Opening up of retail sector by allowing FDI in multi brand retail will help the Indian retailers in procuring funds for expansion and improving their supply chain infrastructure. The industry players support FDI in retail but suggest a gradual step by step approach to gauge the impact and take corrective measures if required.
There is vast disparity in penetration levels of organized retail in rural and urban India (Metros: 20%-25%; Pan India- only 5%). The government could consider introducing some tax holidays/ fiscal incentives for retailers willing to expand into rural areas similar to those available to manufacturers and exporters operating in such areas.
Retail industry leads to multiple job creations and contributes to the country's economic progress. Recognizing retail as a separate industry will help the retailers in getting their issues addressed specifically and also bring clarity on the duties charged.
Income tax exemption limit increased to Rs 2,50,000 (up by Rs 10,000) for senior citizens and Rs 1,80,000 (up by Rs 20,000) for others. Tax rates for women remain unchanged at Rs 1,90,000.

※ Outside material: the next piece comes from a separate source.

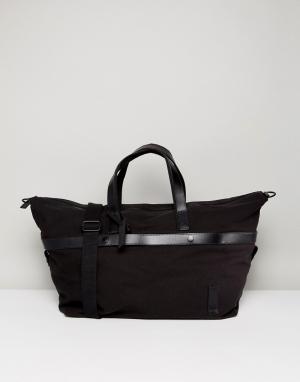 Парусиновая дорожная сумка с кожаной отделкой Kiomi. Цвет: черный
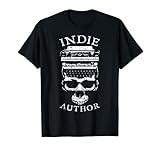 Indie Author Halloween Writer Novelist Typewriter Skull T-Shirt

The optional levy of excise duty on garment manufacturers made mandatory at a unified rate of 10% for branded garments.
Tax exemption withdrawn on branded gold/ silver jewellery and articles by charging nominal 1% excise duty.
Surcharge on domestic companies reduced to 5% from 7.5%
No announcement on the much awaited FDI in multi brand retail in this year’s budget.

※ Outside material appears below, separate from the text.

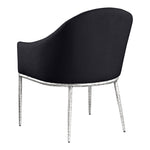 Ferro Linen Textured Performance Fabric Upholstered Dining Arm Chair in Black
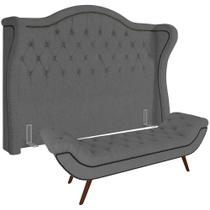 Kit Cabeceira Cama Box Casal Lisboa 140 Cm com Puff Recamier Santorini Linho Cinza Escuro - Lyam Decor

Marginally higher income tax exemption limit is a positive for the sector but the extension in exemption limits for senior citizens will not affect the retailers in a substantial manner.
Branded garments might get costlier in future if the manufacturers decide to pass on the cost to retailers and ultimately to the end consumers.
Along with the high prices of precious metals like gold and silver, the 1% excise duty will hurt branded jewellery retailers.
Titan Industries will be adversely affected as a result of excise duty charged on jewellery. The nominal rate of 1% is just a step to include these products in the tax net and the government may keep raising the tax rates in the future.